Appendix A: Statistical Foundations

This appendix provides quick reference for the statistical concepts used throughout the textbook.


Descriptive Statistics

Measures of Central Tendency

Mean (Average):

μ = Σx / n
  • Sum all values, divide by count
  • Sensitive to outliers

Median: - Middle value when sorted - Robust to outliers

Mode: - Most frequent value - Useful for categorical data

Measures of Spread

Variance:

σ² = Σ(x - μ)² / n

Standard Deviation:

σ = √(σ²)

Coefficient of Variation:

CV = σ / μ
  • Standardized measure of spread
  • Useful for comparing variability across different scales

Range:

Range = max - min

Interquartile Range (IQR):

IQR = Q3 - Q1

Probability Distributions

Normal Distribution

f(x) = (1 / σ√2π) × e^(-(x-μ)²/2σ²)

Key Properties: - 68% within 1 standard deviation - 95% within 2 standard deviations - 99.7% within 3 standard deviations

Z-Score

z = (x - μ) / σ
  • Standardized distance from mean
  • Allows comparison across distributions

Percentiles

Percentile rank = (values below x / total values) × 100

Regression Analysis

Simple Linear Regression

y = β₀ + β₁x + ε

Coefficients:

β₁ = Σ(x - x̄)(y - ȳ) / Σ(x - x̄)²
β₀ = ȳ - β₁x̄

R-Squared (Coefficient of Determination)

R² = 1 - (SS_residual / SS_total)
  • Proportion of variance explained
  • 0 to 1 scale (higher = better fit)

Multiple Regression

y = β₀ + β₁x₁ + β₂x₂ + ... + βₙxₙ + ε

Correlation

Pearson Correlation

r = Σ(x - x̄)(y - ȳ) / √[Σ(x - x̄)² × Σ(y - ȳ)²]

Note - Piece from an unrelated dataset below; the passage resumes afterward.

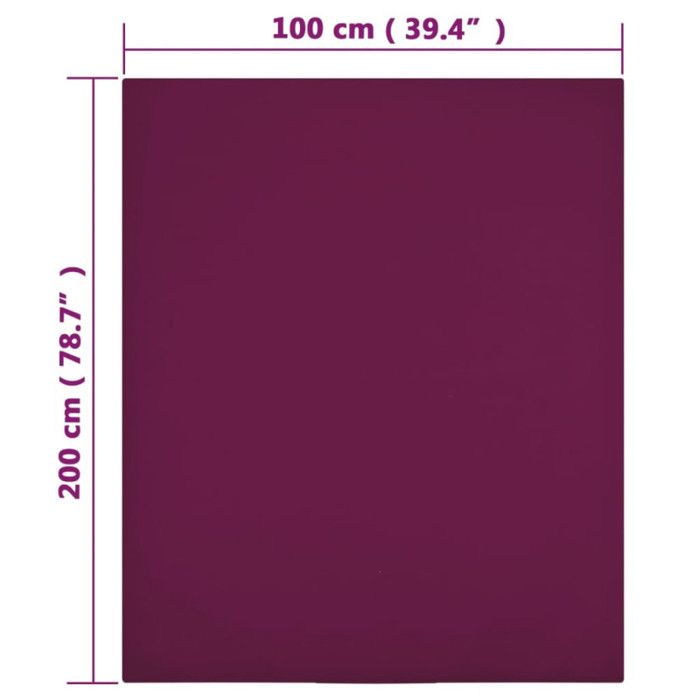 136252 vidaXL Drap-housse Jersey Bordeaux 100x200 cm Coton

Interpretation: | r Value | Interpretation | |---------|----------------| | 0.9-1.0 | Very strong | | 0.7-0.9 | Strong | | 0.5-0.7 | Moderate | | 0.3-0.5 | Weak | | 0.0-0.3 | Very weak |

Correlation vs Causation

Correlation does not imply causation. Consider: - Confounding variables - Reverse causality - Spurious correlation


Hypothesis Testing

Null and Alternative Hypotheses

  • H₀: Null hypothesis (no effect)
  • H₁: Alternative hypothesis (effect exists)

P-Value

  • Probability of observing result if H₀ is true
  • Common threshold: p < 0.05

Type I and Type II Errors

H₀ True H₀ False
Reject H₀ Type I (α) Correct
Fail to Reject Correct Type II (β)

Confidence Intervals

CI = x̄ ± z*(σ/√n)

95% CI uses z* = 1.96


Sample Size and Power

Standard Error

SE = σ / √n

Sample Size Calculation

For detecting effect size d with power (1-β):

n = 2 × [(z_α + z_β) / d]²

Power Analysis

Power = 1 - β = P(reject H₀ | H₁ true)
  • Typically aim for 80% power minimum

Bayesian Basics

Bayes' Theorem

P(A|B) = P(B|A) × P(A) / P(B)

Components: - P(A|B): Posterior probability - P(B|A): Likelihood - P(A): Prior probability - P(B): Evidence

Prior and Posterior

  • Prior: Belief before seeing data
  • Posterior: Updated belief after data
  • As data increases, posterior becomes more certain

Time Series Concepts

Exponential Weighted Moving Average

EWMA_t = α × x_t + (1-α) × EWMA_{t-1}
  • α = smoothing factor (0-1)
  • Higher α = more recent weight

Autocorrelation

  • Correlation of series with lagged version of itself
  • Important for detecting patterns

Regression to the Mean

Extreme observations tend to be followed by more moderate ones:

Regressed value = mean + r × (observed - mean)

Where r = reliability coefficient


Sports-Specific Statistical Considerations

Small Sample Sizes

  • NFL has 17 games per team
  • Individual game samples very small
  • Use multi-season data when possible

Selection Bias

  • Only see outcomes for players who made it
  • Beware survivorship bias

Variance vs Skill

In small samples, separate signal from noise:

True skill = Observed + regression_to_mean × (Observed - Average)

Pythagorean Expectation

Win% = Points^n / (Points^n + Points_Allowed^n)
  • NFL: n ≈ 2.37

Common Pitfalls

  1. Overfitting: Model fits training data too closely
  2. P-Hacking: Testing until significance found
  3. Multiple Comparisons: Inflated false positive rate
  4. Ignoring Base Rates: Priors matter
  5. Correlation ≠ Causation: Always consider alternatives

Quick Reference Formulas

Metric Formula
Mean Σx / n
Variance Σ(x-μ)² / n
Std Dev √Variance
Z-score (x - μ) / σ
Correlation Σ(x-x̄)(y-ȳ) / √[Σ(x-x̄)²Σ(y-ȳ)²]
SE of Mean σ / √n
95% CI x̄ ± 1.96 × SE

This appendix provides the statistical foundation for NFL analytics. Refer to it when encountering statistical concepts in the main chapters.